Stephen Harper’s radio ads create a trailer-park English Canadian Joual
Does Prime Minister Stephen Harper think Canadians are a bunch of sloppy-tongued, monster truck-driving, Tim Horton’s eating, vacuous hosers? ”˜Cause the “ordinary Canadians” represented on his “Dion Tax Trick” quintuplet of radio ads make the McKenzie brothers sound, like, really smart, eh?
A voice we’re introduced to as Sue says:
“Well, we goddanother politician here, with another trick up his sleeve, don’ we?... Yup. He’s been goin’ around the country making billions of dollars in spending promises. This [carbon] tax is the only way he’s gonna be able to pay for it all. I’m tellin’ ya, it’s here to stay....Ya! Gimme a break!”

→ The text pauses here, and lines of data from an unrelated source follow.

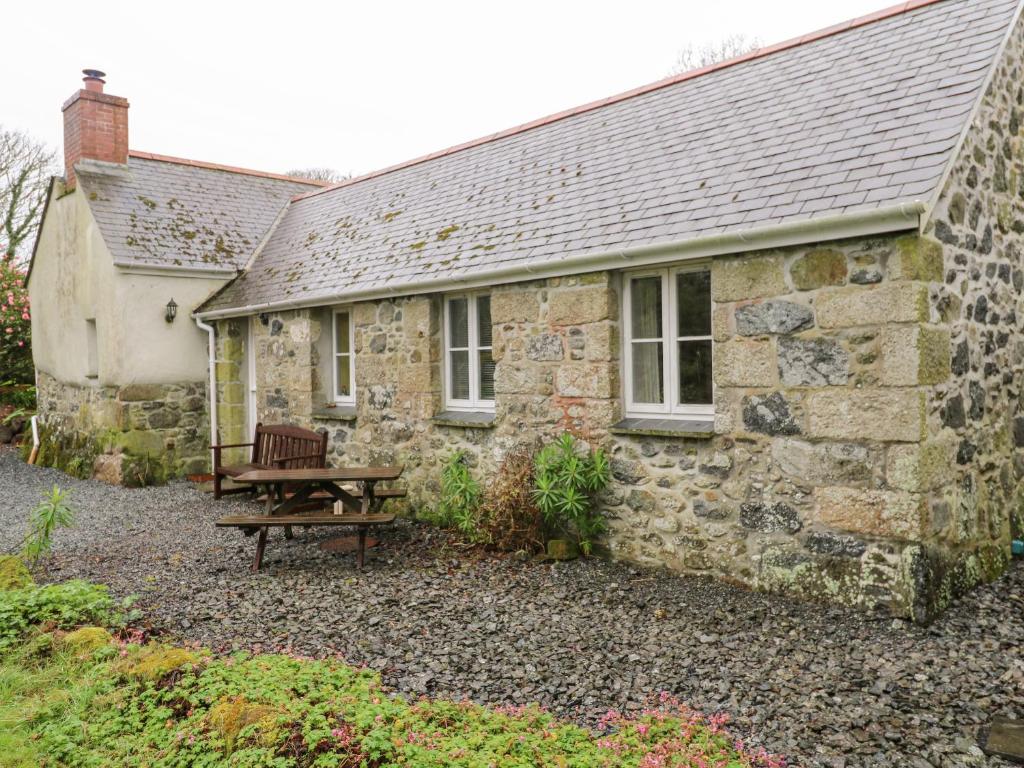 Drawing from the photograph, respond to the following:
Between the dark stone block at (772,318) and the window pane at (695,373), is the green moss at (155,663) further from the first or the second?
the dark stone block at (772,318)

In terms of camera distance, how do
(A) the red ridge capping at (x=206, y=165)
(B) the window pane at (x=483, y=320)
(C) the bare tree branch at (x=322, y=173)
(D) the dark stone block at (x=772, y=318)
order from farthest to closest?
(C) the bare tree branch at (x=322, y=173), (A) the red ridge capping at (x=206, y=165), (B) the window pane at (x=483, y=320), (D) the dark stone block at (x=772, y=318)

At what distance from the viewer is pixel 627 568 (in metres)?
6.34

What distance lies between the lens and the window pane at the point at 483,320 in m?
8.05

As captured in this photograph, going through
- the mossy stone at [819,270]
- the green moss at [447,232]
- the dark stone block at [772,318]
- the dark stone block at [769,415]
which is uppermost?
the green moss at [447,232]

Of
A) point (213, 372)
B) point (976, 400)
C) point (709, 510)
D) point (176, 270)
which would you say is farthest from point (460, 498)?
point (176, 270)

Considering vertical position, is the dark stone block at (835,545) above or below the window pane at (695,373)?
below

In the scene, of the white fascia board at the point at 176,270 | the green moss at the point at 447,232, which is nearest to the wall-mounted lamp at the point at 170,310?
the white fascia board at the point at 176,270

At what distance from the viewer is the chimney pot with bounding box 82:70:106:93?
12266 millimetres

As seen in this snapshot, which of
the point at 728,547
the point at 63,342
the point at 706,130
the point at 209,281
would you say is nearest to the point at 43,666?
the point at 728,547

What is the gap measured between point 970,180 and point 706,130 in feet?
8.24

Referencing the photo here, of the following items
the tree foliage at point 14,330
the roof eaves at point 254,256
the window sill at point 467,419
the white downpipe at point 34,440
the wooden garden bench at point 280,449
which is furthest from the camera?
the tree foliage at point 14,330

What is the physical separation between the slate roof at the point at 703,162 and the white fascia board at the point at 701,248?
0.11 m

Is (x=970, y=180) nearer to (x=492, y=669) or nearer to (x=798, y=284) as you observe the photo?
(x=798, y=284)

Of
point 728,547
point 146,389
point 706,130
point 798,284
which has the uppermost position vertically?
point 706,130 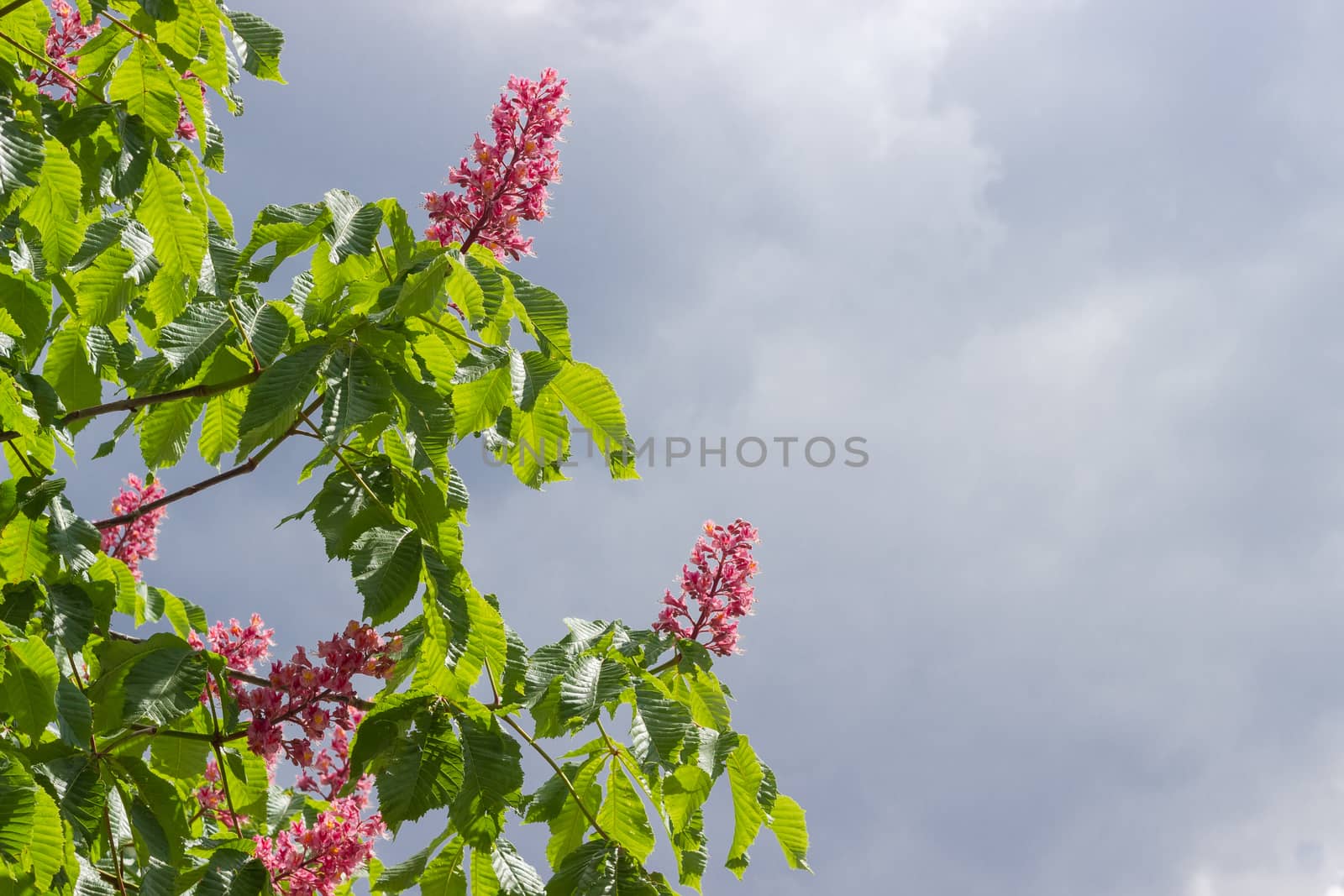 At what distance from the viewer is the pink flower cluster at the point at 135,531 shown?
5.49 metres

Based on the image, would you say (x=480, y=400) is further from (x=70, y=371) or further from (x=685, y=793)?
(x=70, y=371)

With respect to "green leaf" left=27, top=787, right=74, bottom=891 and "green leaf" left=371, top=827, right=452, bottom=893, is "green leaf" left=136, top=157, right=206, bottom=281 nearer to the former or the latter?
"green leaf" left=27, top=787, right=74, bottom=891

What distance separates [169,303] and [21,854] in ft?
4.78

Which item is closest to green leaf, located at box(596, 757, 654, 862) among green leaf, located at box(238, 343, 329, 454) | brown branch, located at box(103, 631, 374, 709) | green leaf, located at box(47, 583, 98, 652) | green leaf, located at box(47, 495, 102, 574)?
brown branch, located at box(103, 631, 374, 709)

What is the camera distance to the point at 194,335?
2914 mm

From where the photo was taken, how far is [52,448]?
3.70 m

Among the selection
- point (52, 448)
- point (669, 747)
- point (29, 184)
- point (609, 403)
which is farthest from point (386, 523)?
point (52, 448)

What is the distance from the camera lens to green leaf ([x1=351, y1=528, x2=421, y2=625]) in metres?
2.66

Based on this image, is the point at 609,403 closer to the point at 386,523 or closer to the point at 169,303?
the point at 386,523

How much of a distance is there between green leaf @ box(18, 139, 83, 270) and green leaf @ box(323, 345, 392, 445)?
924 millimetres

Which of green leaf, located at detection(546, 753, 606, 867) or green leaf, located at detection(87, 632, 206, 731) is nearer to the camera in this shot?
green leaf, located at detection(87, 632, 206, 731)

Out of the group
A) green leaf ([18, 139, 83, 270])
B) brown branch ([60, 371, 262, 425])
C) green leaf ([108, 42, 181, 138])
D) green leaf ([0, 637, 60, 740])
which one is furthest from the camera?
brown branch ([60, 371, 262, 425])

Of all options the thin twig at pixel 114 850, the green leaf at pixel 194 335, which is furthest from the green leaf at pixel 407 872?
the green leaf at pixel 194 335

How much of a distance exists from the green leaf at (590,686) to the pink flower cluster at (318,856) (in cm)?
98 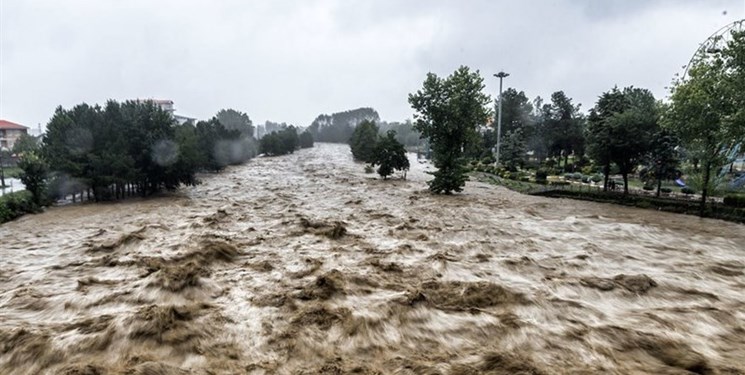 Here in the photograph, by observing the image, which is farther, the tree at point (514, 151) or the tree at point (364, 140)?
the tree at point (364, 140)

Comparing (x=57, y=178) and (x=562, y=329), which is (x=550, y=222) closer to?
(x=562, y=329)

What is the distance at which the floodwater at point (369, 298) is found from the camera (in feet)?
25.4

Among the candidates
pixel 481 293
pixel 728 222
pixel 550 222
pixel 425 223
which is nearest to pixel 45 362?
pixel 481 293

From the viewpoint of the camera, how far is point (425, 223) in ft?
69.1

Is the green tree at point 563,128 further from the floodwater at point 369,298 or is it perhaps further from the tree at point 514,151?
the floodwater at point 369,298

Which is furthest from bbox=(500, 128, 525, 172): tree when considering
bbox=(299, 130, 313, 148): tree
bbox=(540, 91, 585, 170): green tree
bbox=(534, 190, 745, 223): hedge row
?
bbox=(299, 130, 313, 148): tree

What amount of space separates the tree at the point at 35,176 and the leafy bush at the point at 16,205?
42cm

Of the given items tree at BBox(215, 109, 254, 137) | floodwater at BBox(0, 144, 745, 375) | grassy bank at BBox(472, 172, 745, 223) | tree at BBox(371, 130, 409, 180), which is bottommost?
floodwater at BBox(0, 144, 745, 375)

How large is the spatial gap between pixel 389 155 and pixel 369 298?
3560 cm

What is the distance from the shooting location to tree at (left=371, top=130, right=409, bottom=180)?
1782 inches

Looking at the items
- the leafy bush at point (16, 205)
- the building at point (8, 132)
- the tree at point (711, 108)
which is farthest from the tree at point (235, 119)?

Is she pretending to be one of those “ordinary” Canadians we’re always hearing about, but never meet? (I mean, aren’t we all extraordinary?) She sounds like a This Hour Has 22 Minutes version of a blond, minivan-driving Edmonton soccer mom/RCMP wife. The difference is, THH22M is satirical. The Dion tax-trick ads are not.
In another ad, a faux call-in radio show, you can almost feel the actors method-act their way into their “working Canadian” roles, and slur through their double-doubles. The “callers” say:
“Dion flatly admits he can’t set priorities. What kind a’ leader is that?”
First he says no to a carbon tax, then he’s all for it. Come on! The guy’s all over the map!”
“Dion’s now calling his carbon tax a ”˜work in progress.’ Shouldn’t he have figured it out before saying he was going to do it?”
Other priceless quotes include:
“The carbon tax has gotta go.”
I’ll tell you what I can’t afford: Stephane Dion.”
“”˜Got a family, a house, all these expenses. With this tax I’m gonna have to pay more for gas, electricity, food, everything!...Gimme a break!”
No, bad radio copy ad writer. Give us a break!
Or at least have the courage to do a genuine, “ordinary” Canadian accent: Newfie, of Newfoundland; low German, of Manitoba; or the snippy five-generations-from England Victoria-based ex-pat. Or, if you really wanted to prove your balls, how about new Canadian accents from Mumbai, Hong Kong, or Nairobi?
It all begs the question every federal party is panting after right now: who is an ordinary Canadian, and how can we secure their votes?
For a good time, watch for more faux-working class appeals in the upcoming election campaign.